Some really common beliefs that many of us carry around include things like, “I don’t know enough, I’m not smart enough, I’m too old, I don’t have enough time.” Maybe you even feel like you aren’t valuable or lovable.

Do any of these ring true from your past?

You probably recognize a few of them. Believe it or not, keeping a list of limiting beliefs somewhere and reviewing them from time to time will give you a heads up when your drive is about to stall out. While your focus should definitely be on the positive beliefs that will help you achieve your goals, you should also try to keep an eye out for these pesky beliefs that limit you. By bringing them into your awareness you reduce their ability to undermine your progress.

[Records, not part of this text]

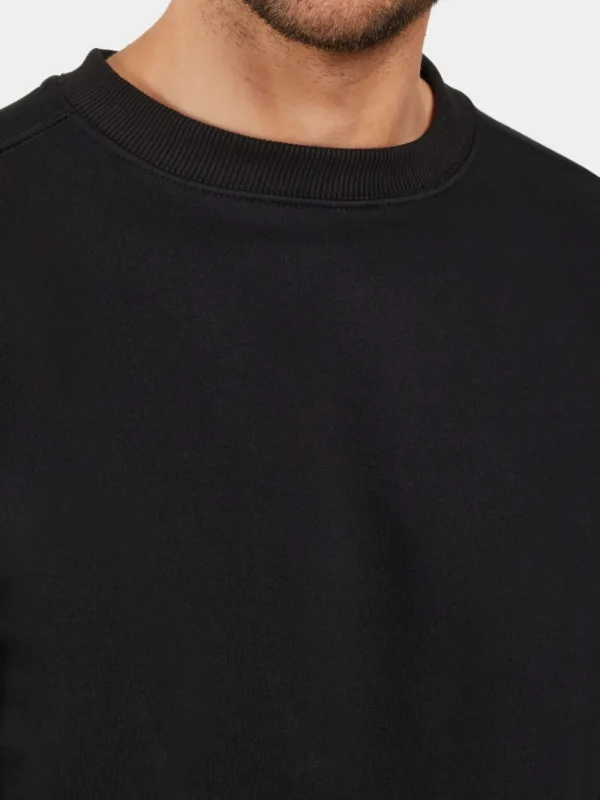 Didriksons Fyn Sweater> Hoodies & Sweatshirts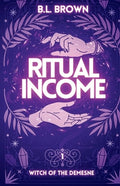 Ritual Income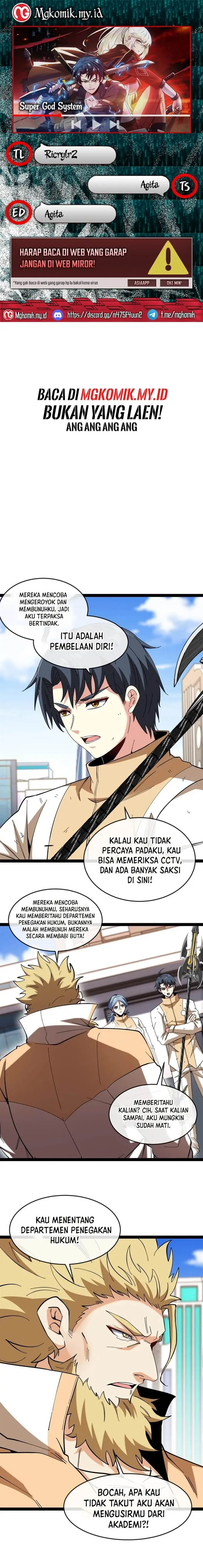 image-komik-divine-leveling-system-chapter-185-0/11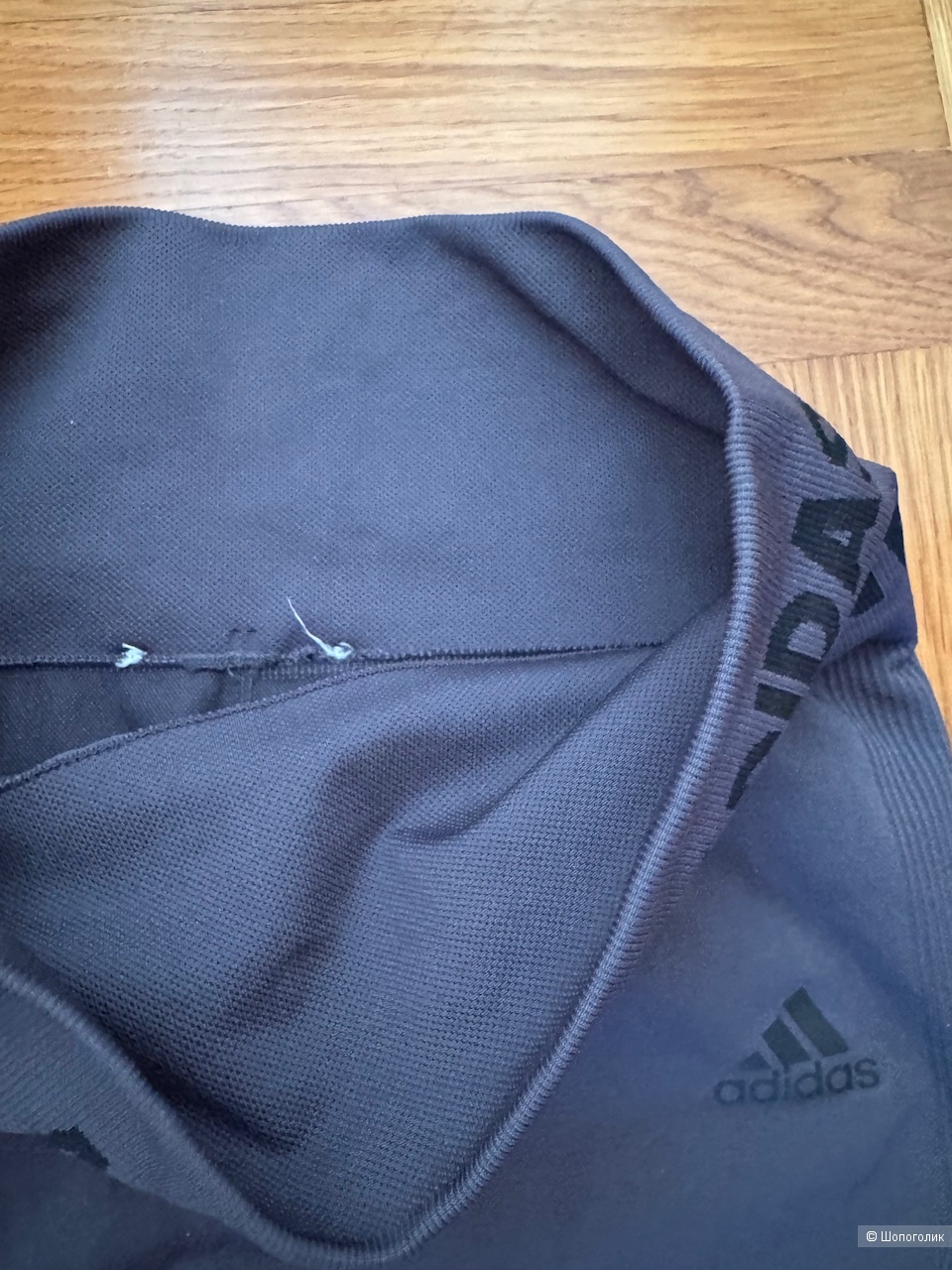Костюм Adidas, размер xs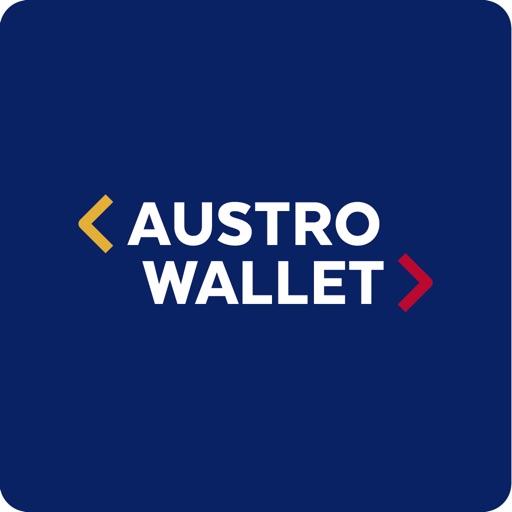 AustroWallet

How can you reroute them and replace them with positive beliefs? Throughout the process of goal getting, you must think of yourself as a detective. Throughout your day, observe and note any time a limiting belief pops up. At those moments, take note of what triggered that old way of thinking. Was it a comment or an assumption about your experience based on your past?

One of the most powerful ways to shift your old beliefs is by re-patterning your brain the moment the old belief emerges. By stopping and imagining yourself literally replacing the old belief in your mind with a new one, and then repeating that new belief to yourself, you will re-pattern the way your brain works. You can also do this before you encounter a situation that you feel might trigger your old beliefs. By repeating to yourself, “I am smart, creative and capable,” before going in for a job interview or “I am enough” when revisiting a situation where your self-esteem felt lagging, you can finally train yourself to overcome these limiting beliefs.

It’s easy to shift your brain patterns if you work at it. In David Eagleman’s book, The Brain, he describes a study about visual spatiality. Subjects were given goggles that reversed what they were looking at. Things that were on the right appeared to be on the left, etc. When people used the goggles for the first time, they got nauseous and broke out in a nervous sweat. However after a few days, their cognitive function adjusted to the new vantage point of right and left and their discomfort stopped. After two more days, their neurons had reconstructed the brain so that this spatial awareness was now the new normal. Eagleman’s study demonstrates that the brain doesn’t care about the actual details of the input, rather it is busy reconfiguring things to efficiently achieve the task at hand. If your brain can reconstruct spatial reality after only two weeks, what else is it capable of reconstructing?

We know that the brain uses more than just vision to construct reality. It fills the gaps between information gathered in the two-dimensional realm so you can use your hand to reach for a glass of water. When your brain is deprived of all sensory input as in a sound deprivation chamber, it will reconstruct reality and start making things up. Eagleman writes, “In fact the brain generates its own reality even before it receives information coming in from the eyes and other senses. This is known as the internal model.”¹ Left to its own devices, your brain will start making things up, so it is critical that you direct your brain to construct the reality you want to create.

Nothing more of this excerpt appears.